» ACTIVITY
Repeat the data exactly, please; no pictures belong in the copy.

--- RECORD EXTRACTS ---

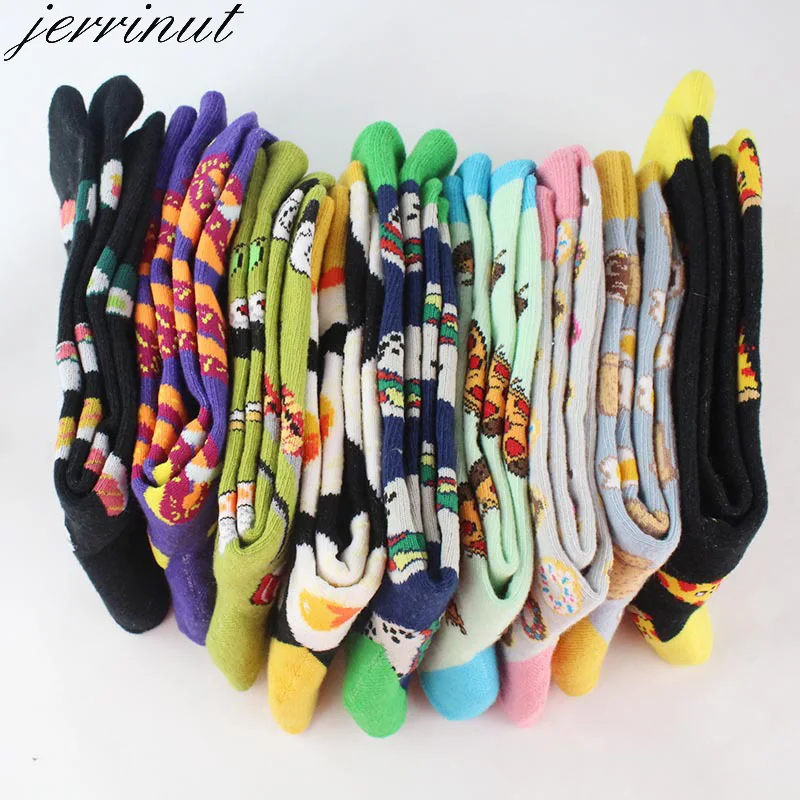

Men/Women Happy Funny Socks With Print Art Cute Winter Socks With Avocado Sushi Food Cotton Fashion Harajuku Socks inscriptions
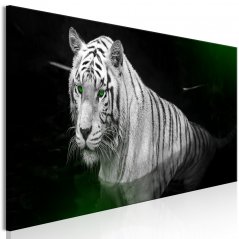 Obraz - Žiarivý tiger - zelený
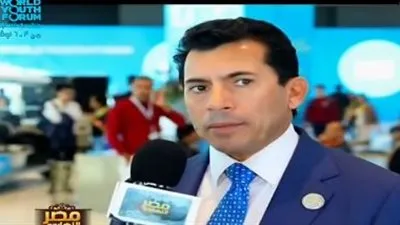 وزير الرياضة: أتمنى نقل توصيات منتدى شباب العالم لحيز التنفيذ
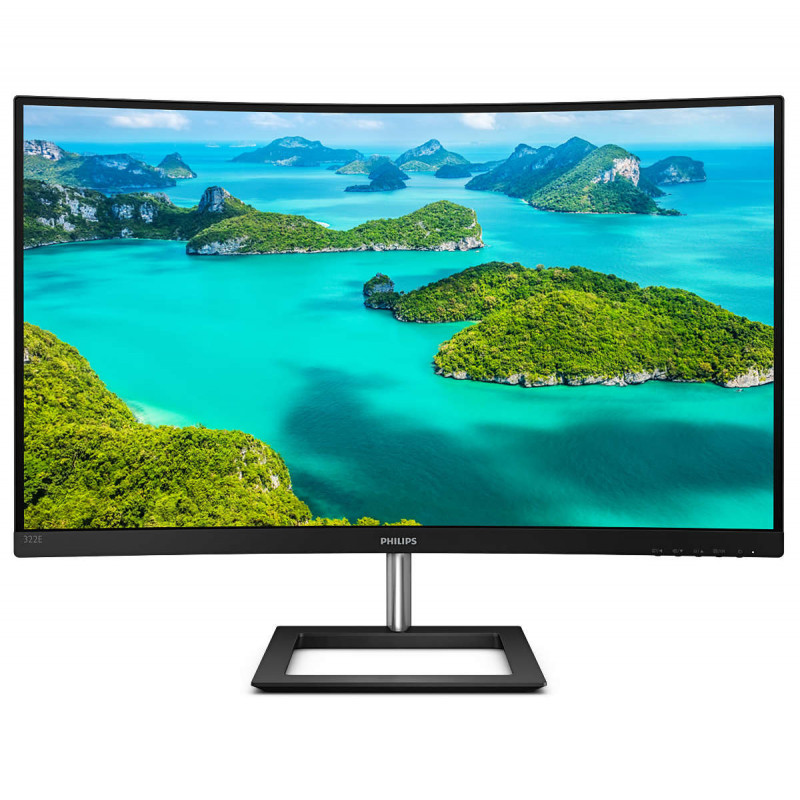 Philips E Line 322E1C 00 LED display 80 cm (31.5") 1920 x 1080 pixels Full HD LCD Black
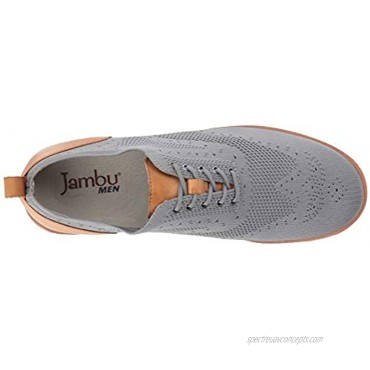 Jambu Mens Franklin Oxford Casual Shoes Grey
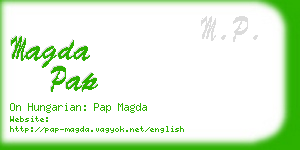 magda pap business card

---

» TASK OUTPUT
Men/Women Happy Funny Socks With Print Art Cute Winter Socks With Avocado Sushi Food Cotton Fashion Harajuku Socks inscriptions
 Obraz - Žiarivý tiger - zelený
 وزير الرياضة: أتمنى نقل توصيات منتدى شباب العالم لحيز التنفيذ
 Philips E Line 322E1C 00 LED display 80 cm (31.5") 1920 x 1080 pixels Full HD LCD Black
 Jambu Mens Franklin Oxford Casual Shoes Grey
 magda pap business card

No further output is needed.